Take legendary alumnus Doug Williams, a two-time Black College Player of the Year, the first Black quarterback to start and win a Super Bowl and a former coach at his alma mater. His outrage clearly did nothing to deter those in charge of the hiring process. Williams said he had conversations with Scott and university president Rick Gallot before the hire was made.
“I’m having a problem with it because other schools would not bite on [hiring Briles], then he’s coming to a Black school like we’ll take him in,” Williams told ESPN NFL reporter John Keim. “I have a problem with it, a major problem with it. I can’t support it, that’s for sure. That hurt me to my core right there. … I know [late] coach [Eddie] Robinson is turning over right now.”
What Eddie Robinson did in 55 seasons at Grambling goes beyond his record (408-165-15) or conference championships (17) or players who went on to play professionally (200-plus). His dedication to winning and developing his players the right way — with class, dignity and respect — made him more than a football coach. It made him a titan, revered and honored, with awards named for him and a museum on the Grambling campus in his honor.
The Football Writers Association of America annually selects the Eddie Robinson Coach of the Year. During the awards banquet last month, 2021 winner Cincinnati coach Luke Fickell spoke about why it was so meaningful to him to be connected with Robinson, specifically describing the way he seeks to positively impact his players as Robinson did.

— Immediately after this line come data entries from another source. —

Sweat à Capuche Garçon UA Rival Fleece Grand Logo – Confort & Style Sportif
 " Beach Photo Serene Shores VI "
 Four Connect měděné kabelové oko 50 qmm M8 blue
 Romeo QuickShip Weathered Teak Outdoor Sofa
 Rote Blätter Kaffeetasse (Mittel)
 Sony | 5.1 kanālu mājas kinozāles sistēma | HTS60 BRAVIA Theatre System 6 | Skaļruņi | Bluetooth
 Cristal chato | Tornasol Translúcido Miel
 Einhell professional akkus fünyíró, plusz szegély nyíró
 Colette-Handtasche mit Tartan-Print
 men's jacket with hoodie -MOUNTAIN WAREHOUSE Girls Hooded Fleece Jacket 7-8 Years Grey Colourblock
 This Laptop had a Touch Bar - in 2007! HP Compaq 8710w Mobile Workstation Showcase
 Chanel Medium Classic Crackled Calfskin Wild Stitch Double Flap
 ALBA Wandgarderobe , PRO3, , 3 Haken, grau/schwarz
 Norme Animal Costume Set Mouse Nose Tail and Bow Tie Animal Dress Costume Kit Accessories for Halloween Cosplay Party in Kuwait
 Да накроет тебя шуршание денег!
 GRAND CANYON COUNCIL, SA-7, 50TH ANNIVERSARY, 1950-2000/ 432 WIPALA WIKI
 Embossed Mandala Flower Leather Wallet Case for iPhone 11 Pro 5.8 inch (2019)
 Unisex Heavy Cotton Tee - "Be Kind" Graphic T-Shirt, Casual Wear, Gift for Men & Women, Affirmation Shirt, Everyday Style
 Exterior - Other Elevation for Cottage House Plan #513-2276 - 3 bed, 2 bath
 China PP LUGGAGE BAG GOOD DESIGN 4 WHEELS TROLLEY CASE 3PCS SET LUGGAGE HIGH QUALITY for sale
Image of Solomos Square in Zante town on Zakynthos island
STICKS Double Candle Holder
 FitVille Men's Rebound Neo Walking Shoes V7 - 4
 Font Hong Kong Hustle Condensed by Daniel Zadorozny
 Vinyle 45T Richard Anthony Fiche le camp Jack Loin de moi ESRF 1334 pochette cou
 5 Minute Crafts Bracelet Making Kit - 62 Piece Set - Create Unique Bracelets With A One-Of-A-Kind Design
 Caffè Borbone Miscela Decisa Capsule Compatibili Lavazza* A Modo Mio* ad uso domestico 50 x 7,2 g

“My main thing is preserving Eddie Robinson’s legacy, which started here at Grambling, and that weighs big with me at all times,” Robinson’s grandson, Eddie Robinson III, told ESPN on Friday. “I knew the talks were out there that they were going to see if Coach Briles had interest, but I never really thought we would actually do that. Once you weigh everything, that’s not the Grambling we all know. That’s not the legacy that Eddie Robinson built, that Doug Williams followed. How do you fathom that? I don’t have anything against Coach Briles. It’s just … we’re Grambling.”
Now, the same school Robinson so dutifully represented appears to be taking a far different path. In bringing Art Briles to campus, it is sending a message: If winning comes with a moral or ethical cost, so be it.